- Directions: Only the lines from the beginning of the entries through the one with "Used Komatsu PC210 Excavator 2018 Model / 2" should be written out, please, exactly and without any pictures.

- Exercise material:
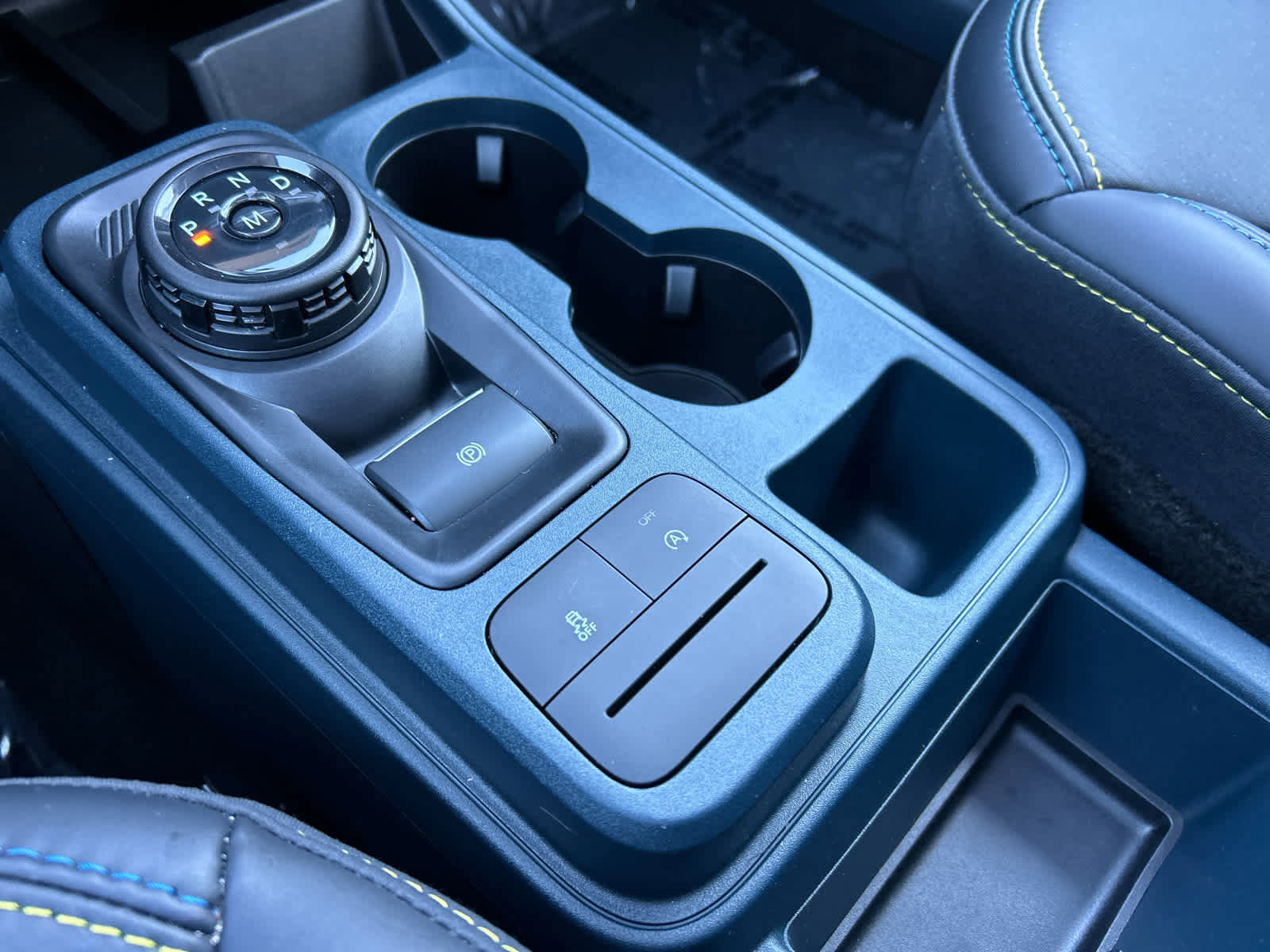 Certified 2025 Ford Maverick Lobo image 43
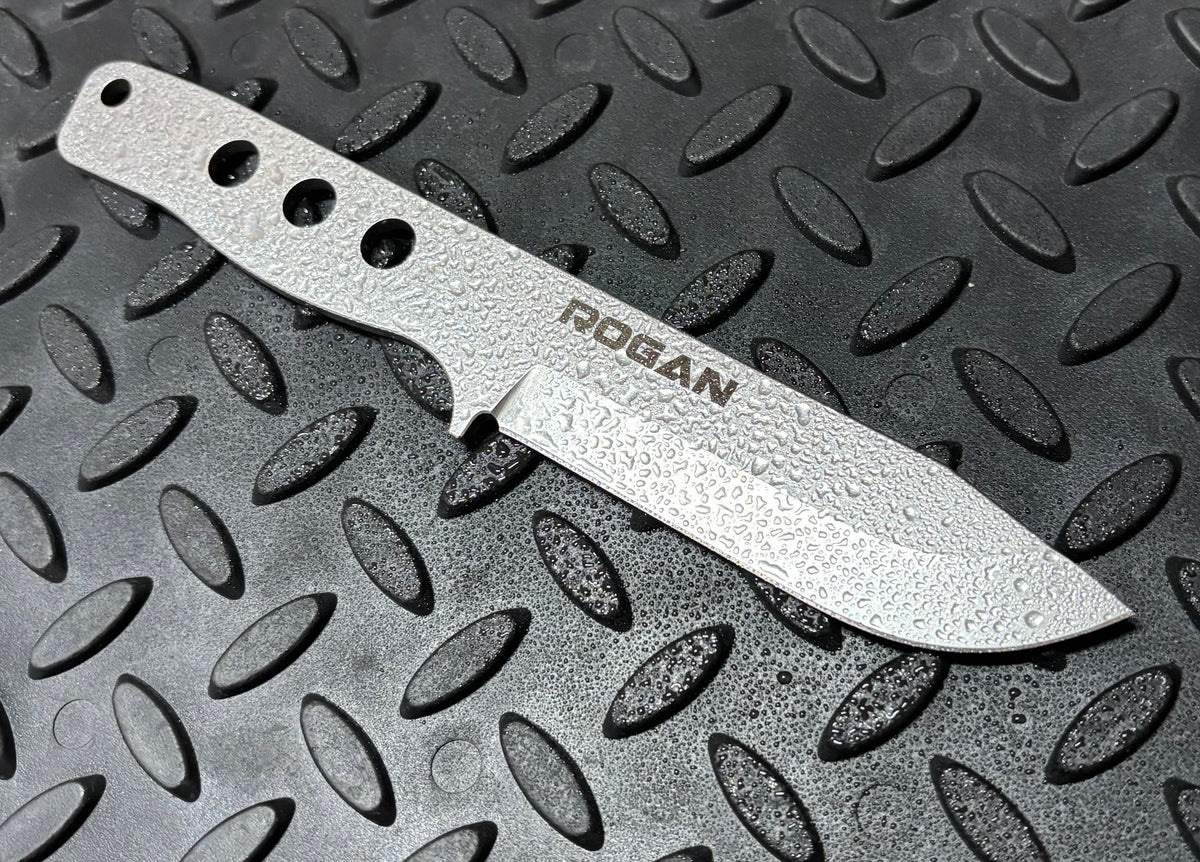 RFK-PRO Comes with sheath and belt clip.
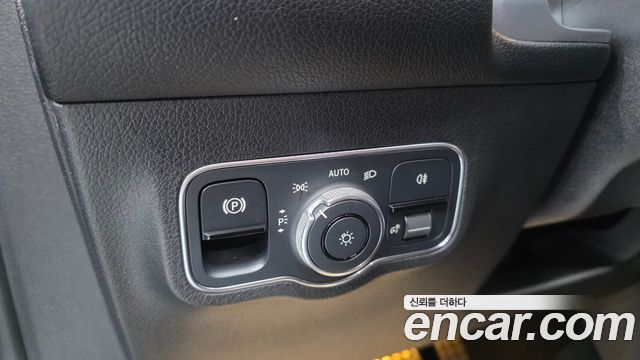Mercedes-Benz GLB-Class 2022 — photo 16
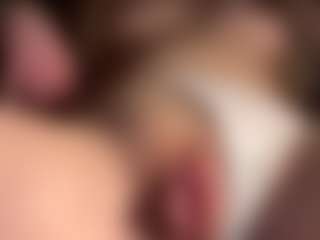 Scarleethot's Live Sex Cam Show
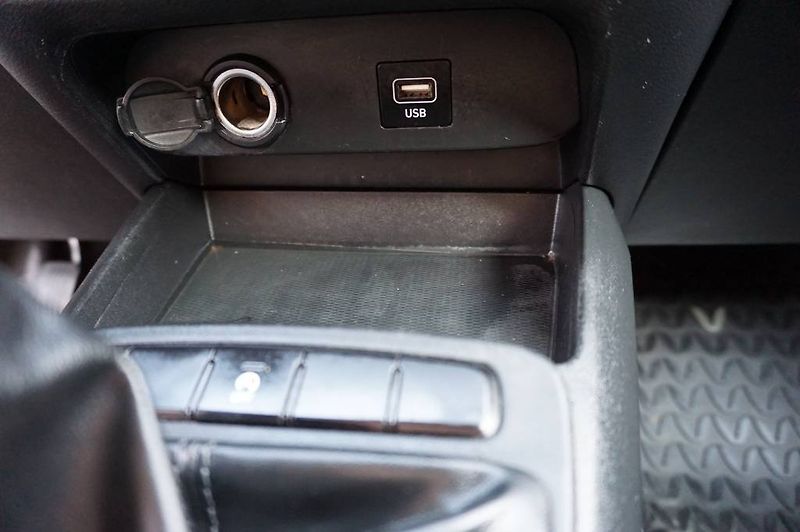 Hyundai i10 (2022) 1,0 1 MAJ .V ČR. - fotka 21 z 26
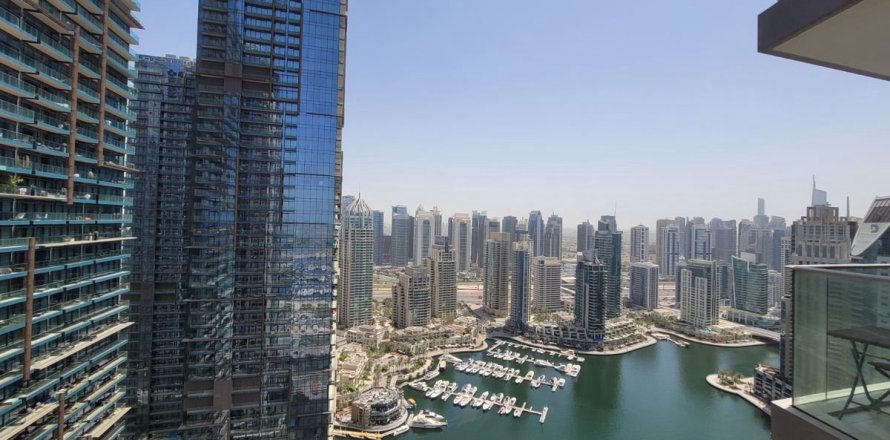 Apartment in Dubai Marina, Dubai 3 bedrooms, 180.6 sq.m. № 64454
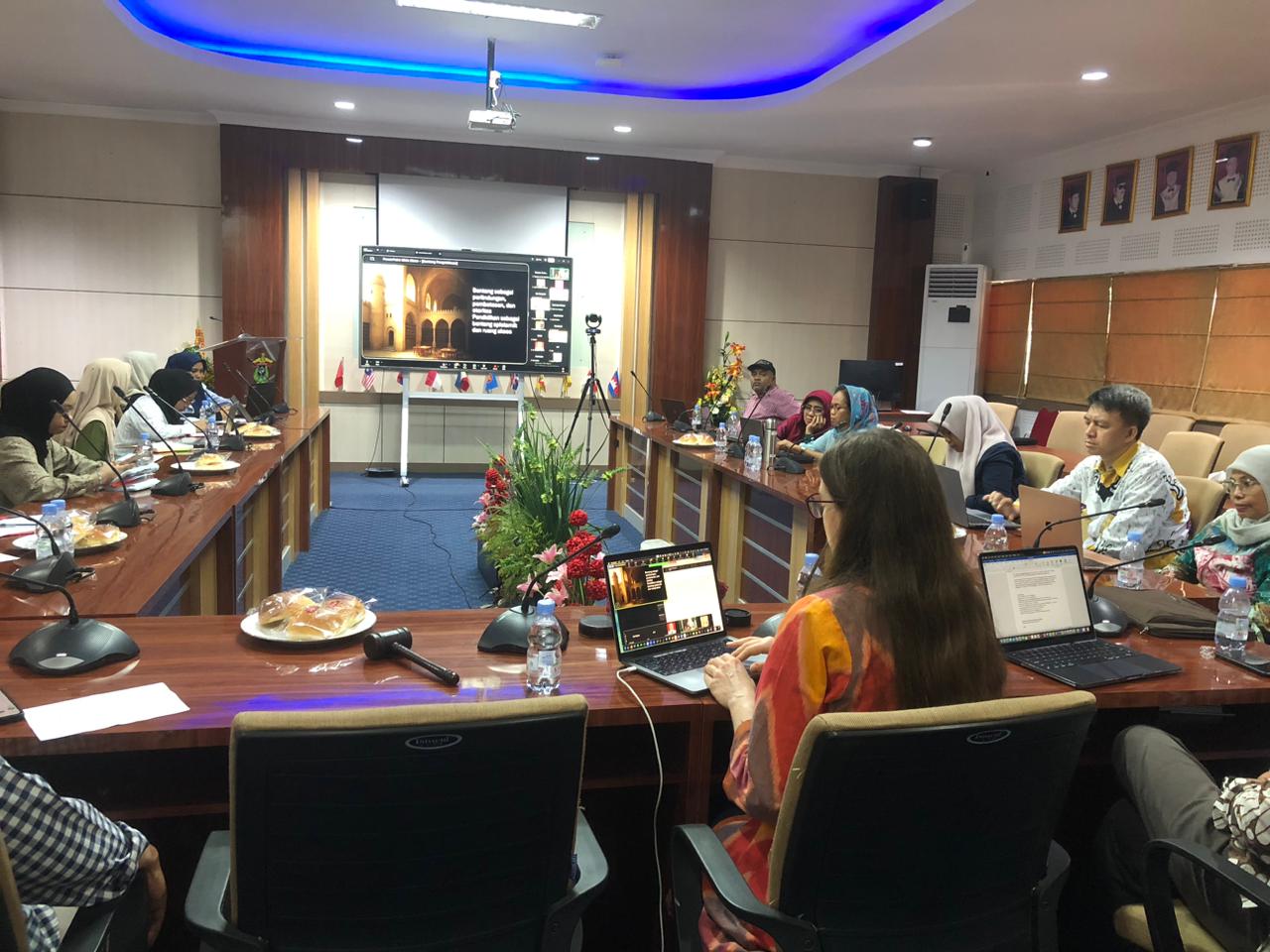 Strengthening Manuscript Studies through Collaboration between BRIN and the Faculty of Cultural Sciences Involves History Students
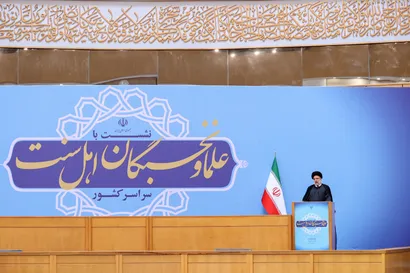 تصاویر نشست علما و نخبگان اهل سنت سراسر کشور با رئیس جمهور
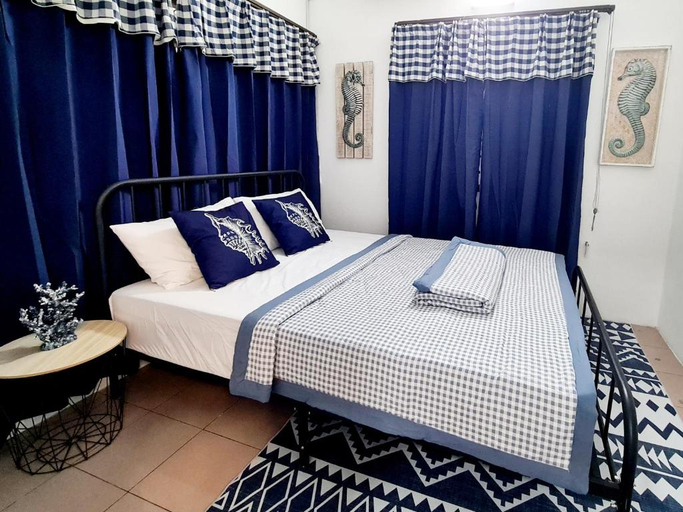 Bedroom 5, 527 BeachHouse 5 bedroom with swimming pool, Penang Island
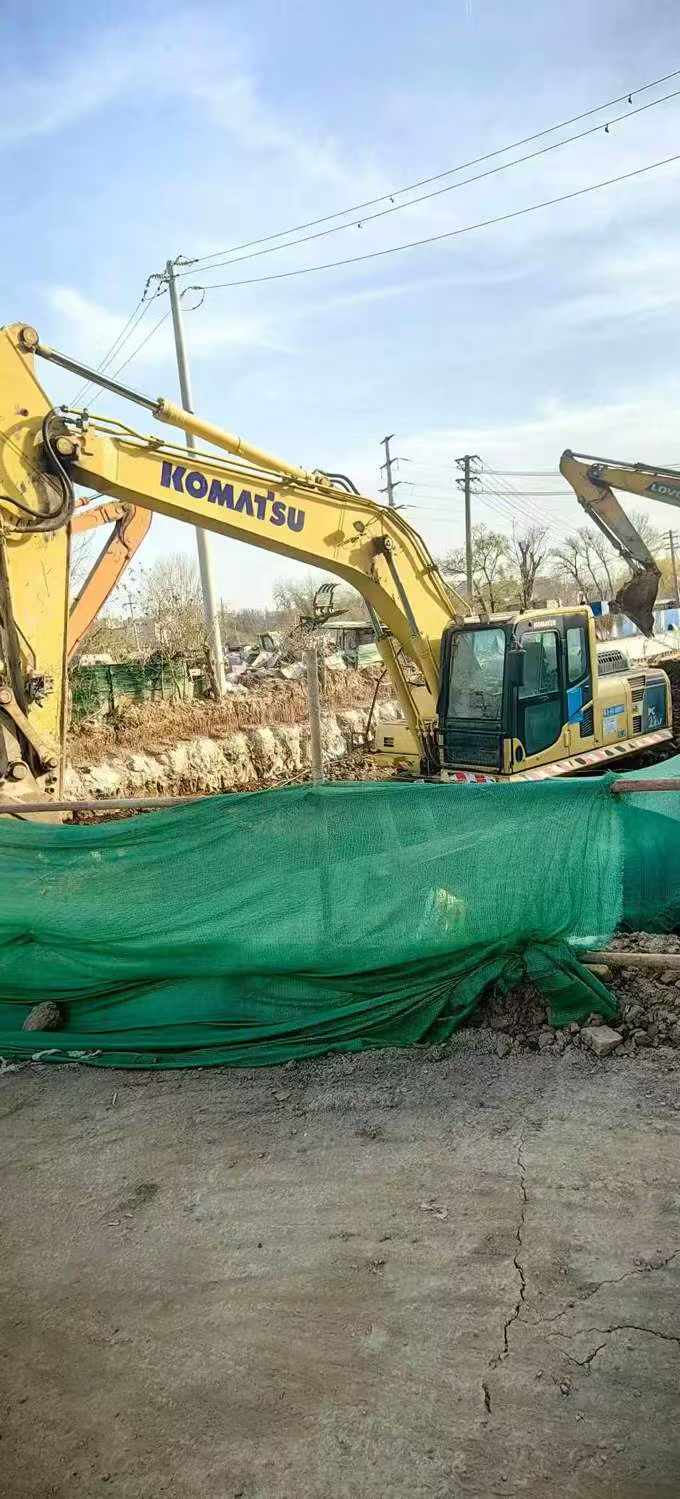 Used Komatsu PC210 Excavator 2018 Model / 2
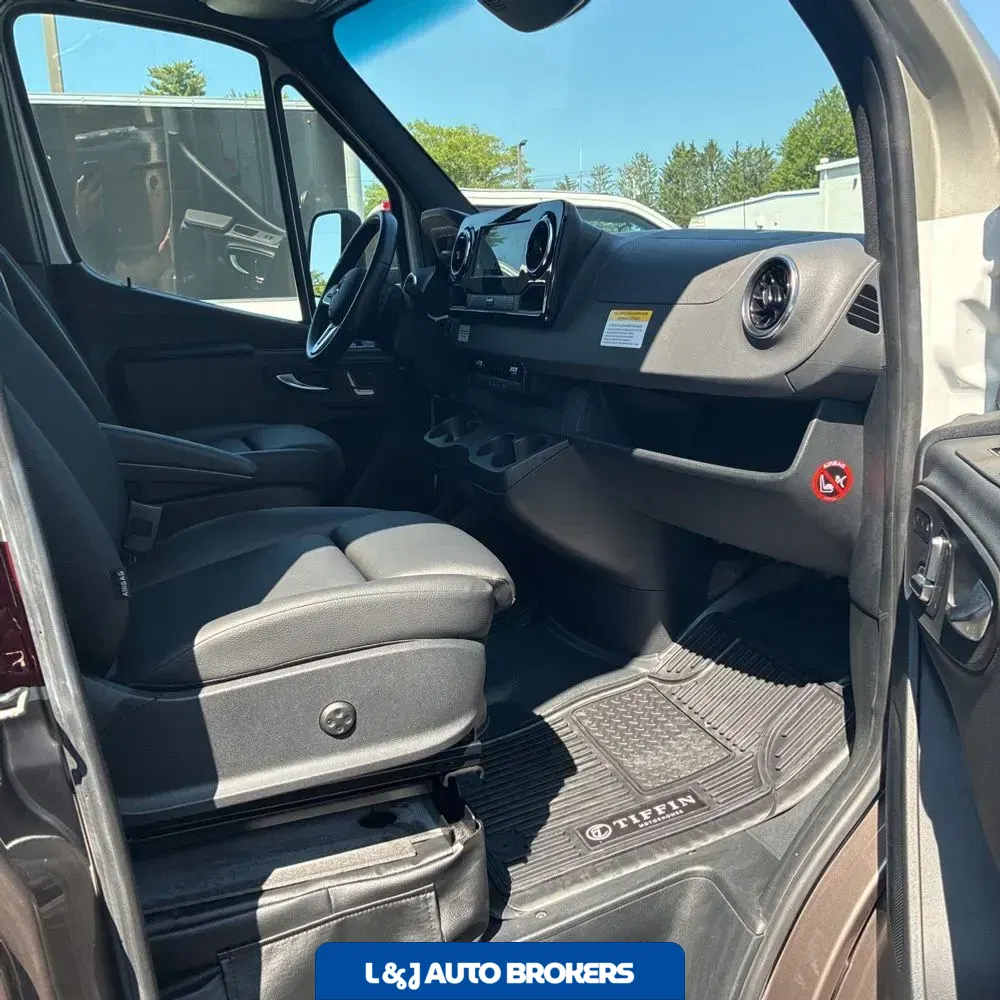 2020 Tiffin Motorhome Wayfarer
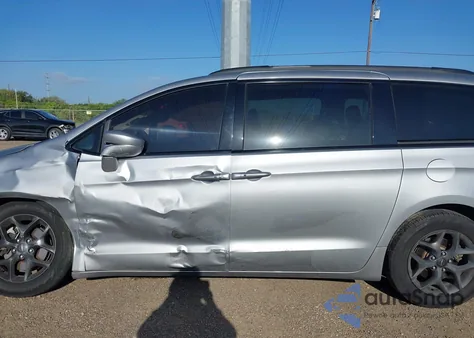 2018 Chrysler Pacifica Touring L Plus z USA, uszkodzony, nr VIN 2C4RC1EG6JR352453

- Your solution:
 Certified 2025 Ford Maverick Lobo image 43
 RFK-PRO Comes with sheath and belt clip.
Mercedes-Benz GLB-Class 2022 — photo 16
 Scarleethot's Live Sex Cam Show
 Hyundai i10 (2022) 1,0 1 MAJ .V ČR. - fotka 21 z 26
 Apartment in Dubai Marina, Dubai 3 bedrooms, 180.6 sq.m. № 64454
 Strengthening Manuscript Studies through Collaboration between BRIN and the Faculty of Cultural Sciences Involves History Students
 تصاویر نشست علما و نخبگان اهل سنت سراسر کشور با رئیس جمهور
 Bedroom 5, 527 BeachHouse 5 bedroom with swimming pool, Penang Island
 Used Komatsu PC210 Excavator 2018 Model / 2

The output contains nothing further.